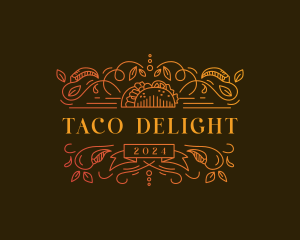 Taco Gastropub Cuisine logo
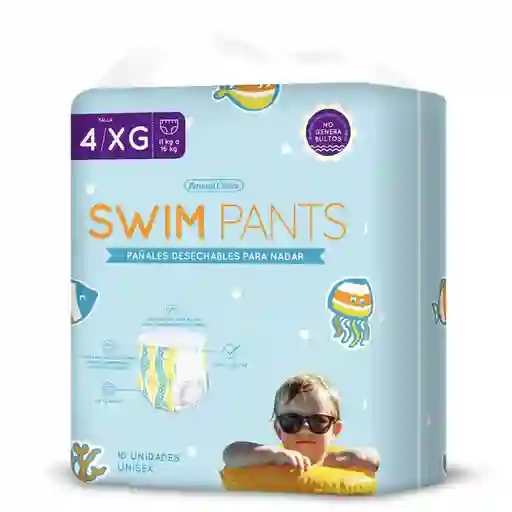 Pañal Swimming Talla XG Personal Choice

* * *

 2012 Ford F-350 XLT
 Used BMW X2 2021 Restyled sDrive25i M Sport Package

--

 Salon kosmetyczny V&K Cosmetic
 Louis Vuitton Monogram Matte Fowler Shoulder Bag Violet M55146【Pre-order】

**GOAL OF THE EXERCISE**
Reproduce exactly, and with no other material, the lines between those holding "Salon kosmetyczny V&K Cosmetic" and "Louis Vuitton Monogram", inclusive.

**RESULT BELOW**
 Salon kosmetyczny V&K Cosmetic
 Louis Vuitton Monogram Matte Fowler Shoulder Bag Violet M55146【Pre-order】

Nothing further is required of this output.